Provided information:
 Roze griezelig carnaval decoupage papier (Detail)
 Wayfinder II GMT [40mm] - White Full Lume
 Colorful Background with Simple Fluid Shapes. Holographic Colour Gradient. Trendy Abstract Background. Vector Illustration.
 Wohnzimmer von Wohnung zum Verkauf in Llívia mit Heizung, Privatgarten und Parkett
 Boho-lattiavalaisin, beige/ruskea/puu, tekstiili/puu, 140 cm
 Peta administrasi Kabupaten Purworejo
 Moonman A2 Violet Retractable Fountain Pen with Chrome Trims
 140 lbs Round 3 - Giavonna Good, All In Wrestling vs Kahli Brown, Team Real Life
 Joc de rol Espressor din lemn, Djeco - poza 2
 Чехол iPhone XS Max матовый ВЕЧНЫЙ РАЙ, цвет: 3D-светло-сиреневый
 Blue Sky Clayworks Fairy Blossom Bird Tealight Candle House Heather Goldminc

* * *

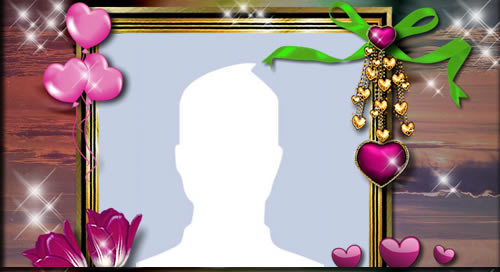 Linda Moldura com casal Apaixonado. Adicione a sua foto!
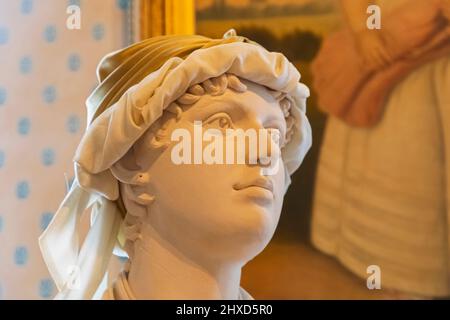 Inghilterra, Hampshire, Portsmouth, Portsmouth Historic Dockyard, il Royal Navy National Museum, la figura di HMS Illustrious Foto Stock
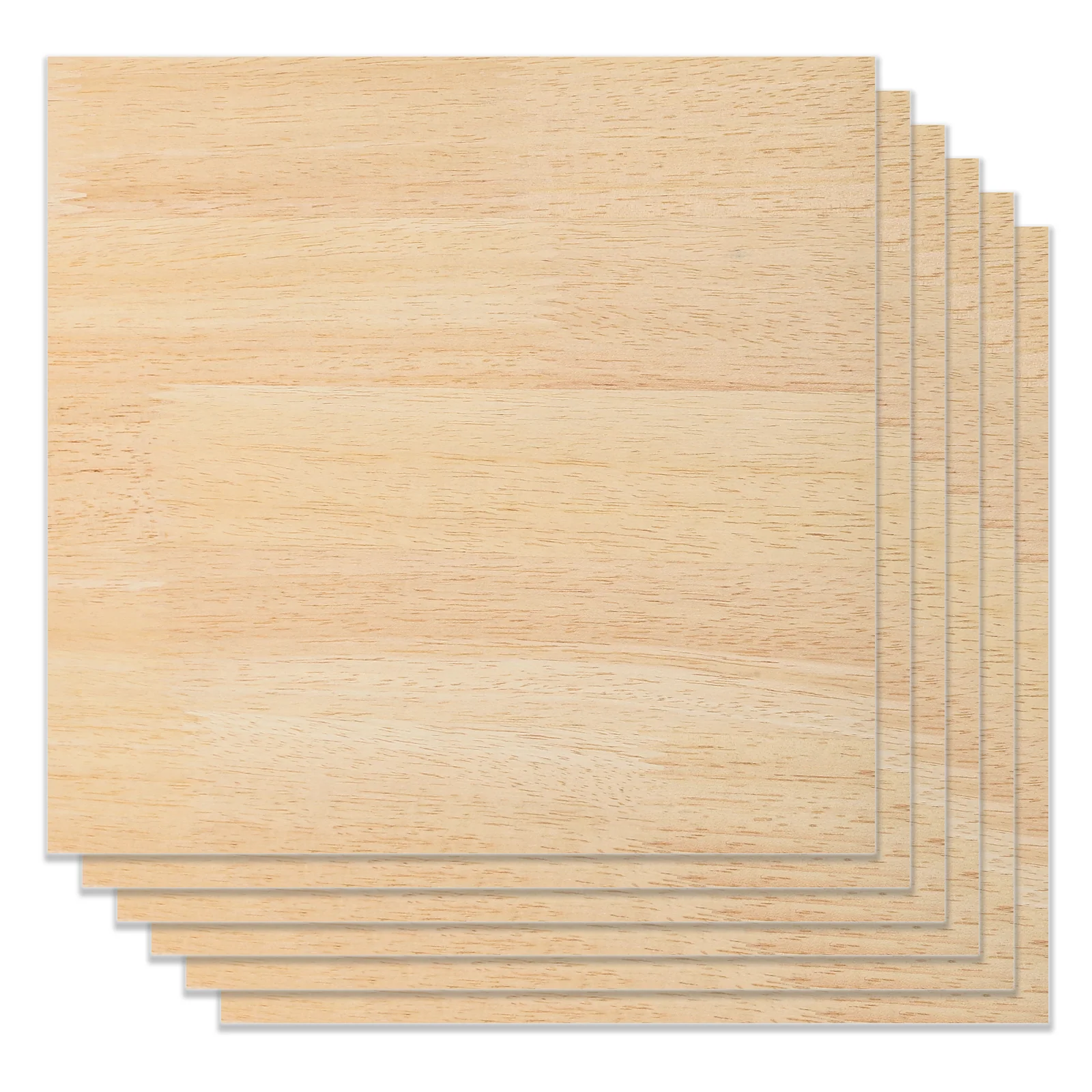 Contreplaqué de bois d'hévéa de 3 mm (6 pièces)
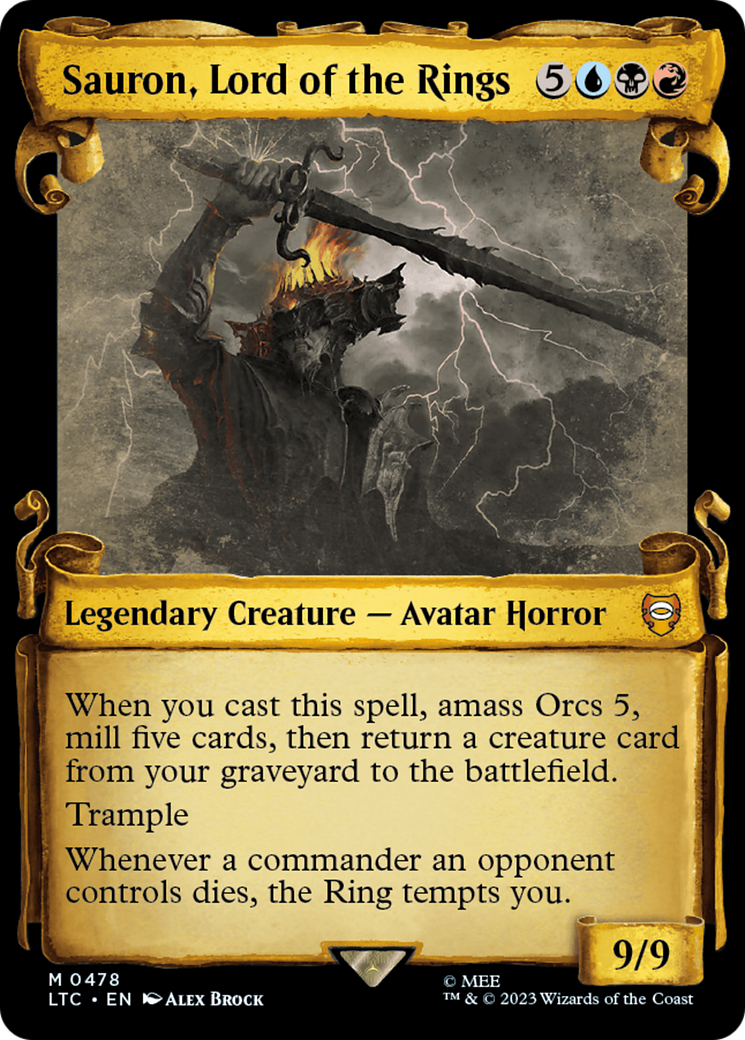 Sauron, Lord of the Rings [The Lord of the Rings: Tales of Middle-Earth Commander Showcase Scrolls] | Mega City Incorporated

* * *

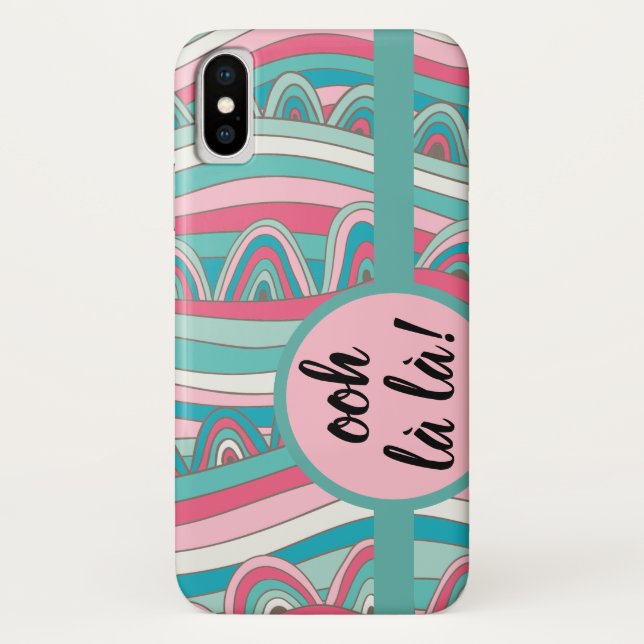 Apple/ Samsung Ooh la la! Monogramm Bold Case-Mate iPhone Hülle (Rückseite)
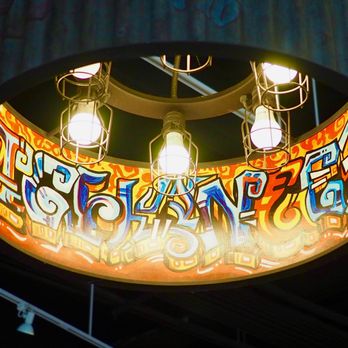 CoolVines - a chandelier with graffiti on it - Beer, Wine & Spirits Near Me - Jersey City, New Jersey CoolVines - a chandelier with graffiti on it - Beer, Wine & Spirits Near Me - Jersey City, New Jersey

Task details: Retype the lines above exactly as they appear, from the line containing "Apple/ Samsung Ooh" through the line containing "New Jersey CoolVines", and leave out any pictures.

Exercise output:
 Apple/ Samsung Ooh la la! Monogramm Bold Case-Mate iPhone Hülle (Rückseite)
 CoolVines - a chandelier with graffiti on it - Beer, Wine & Spirits Near Me - Jersey City, New Jersey CoolVines - a chandelier with graffiti on it - Beer, Wine & Spirits Near Me - Jersey City, New Jersey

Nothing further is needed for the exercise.